- INSTRUCTIONS TO FOLLOW
Reproduce the data exactly as given, except for any images.

(Pictures with short captions)
***

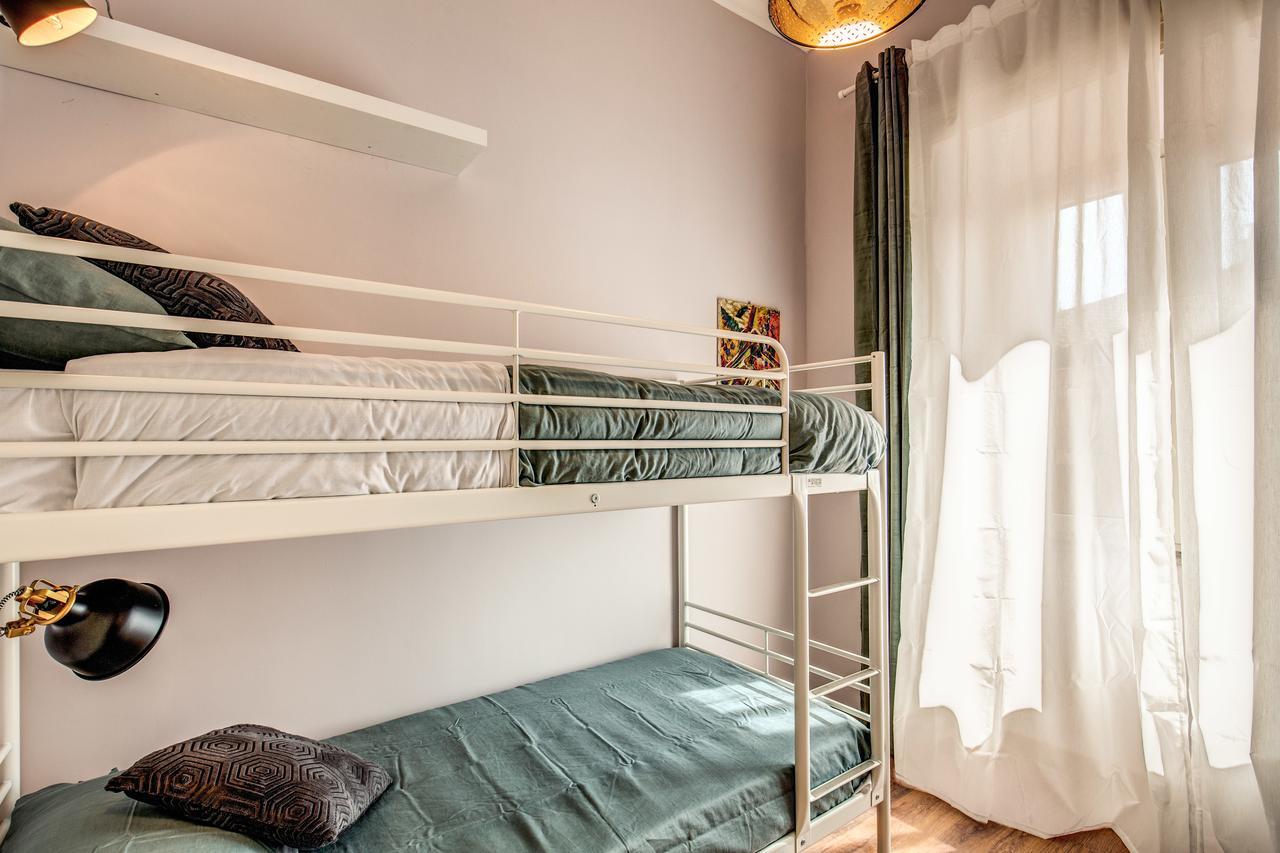 The Great Retro Apartment Rome Bagian luar foto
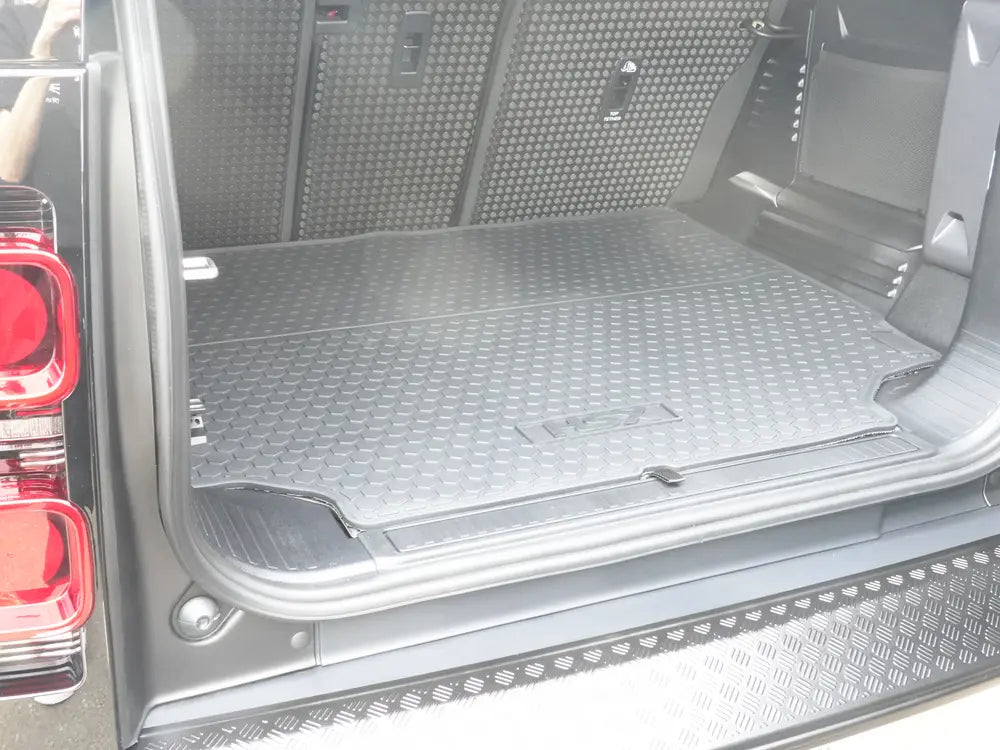 新型ディフェンダー110 90 L663 ラゲッジマット ラバーマット LAND 新型ディフェンダー110 90 L663 ラゲッジマット ラバーマット LAND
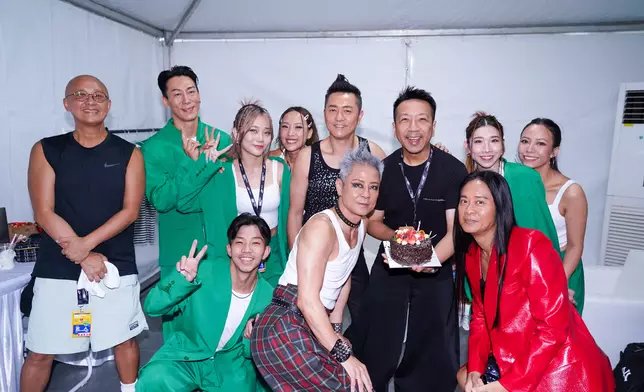 草蜢團隊在後台為他慶祝。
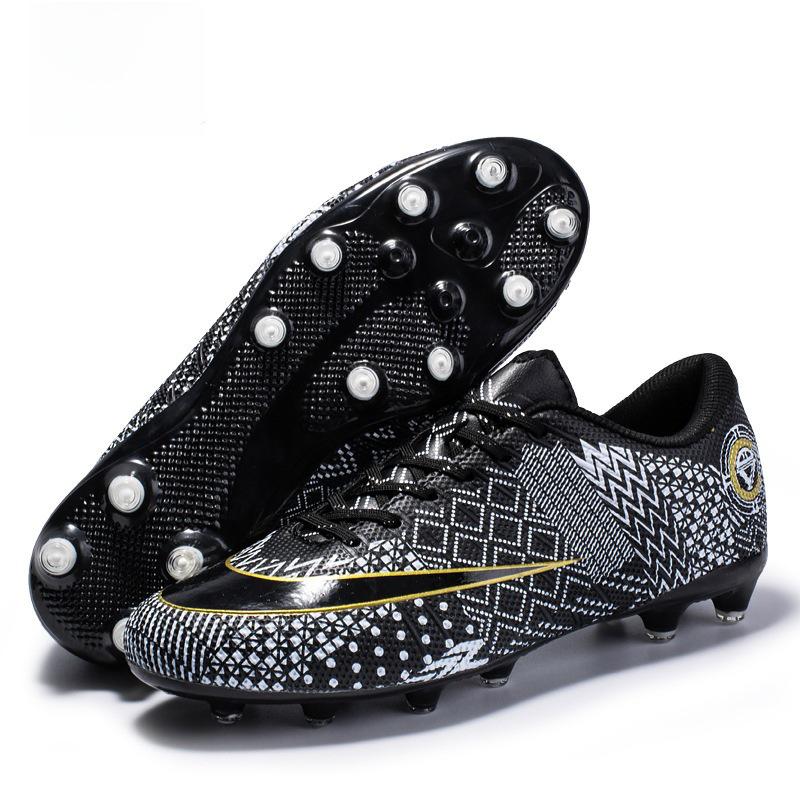 Zhenzu Unisex TPU Long Spike Low-Top Football Training Shoes, Mandarin Duck Black and White.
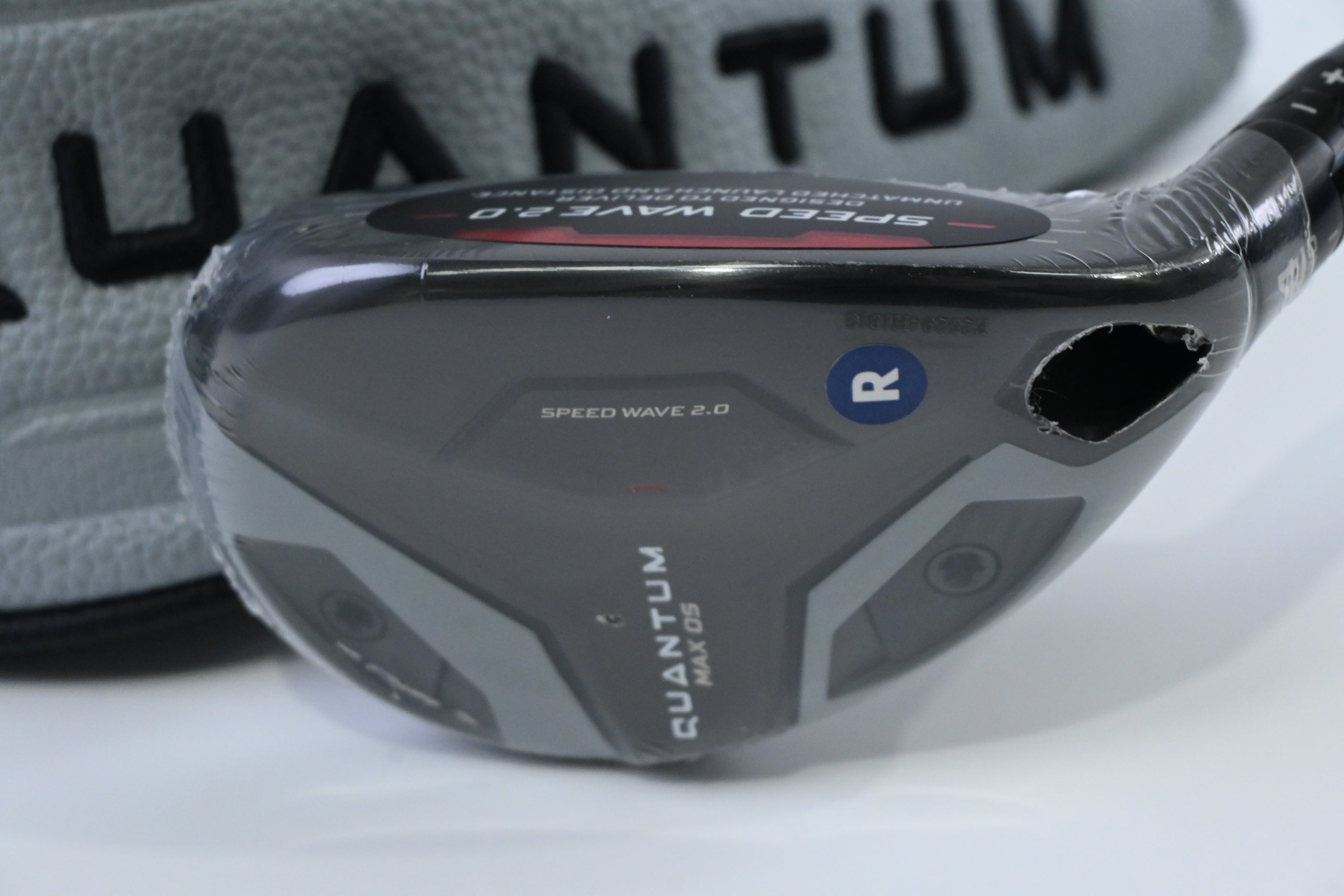 Callaway Quantum Max OS #4 Hybrid / 20 Degree / Regular Flex Denali Frost Silver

***

- OUTPUT FOR THIS EXERCISE
 The Great Retro Apartment Rome Bagian luar foto
 新型ディフェンダー110 90 L663 ラゲッジマット ラバーマット LAND 新型ディフェンダー110 90 L663 ラゲッジマット ラバーマット LAND
 草蜢團隊在後台為他慶祝。
 Zhenzu Unisex TPU Long Spike Low-Top Football Training Shoes, Mandarin Duck Black and White.
 Callaway Quantum Max OS #4 Hybrid / 20 Degree / Regular Flex Denali Frost Silver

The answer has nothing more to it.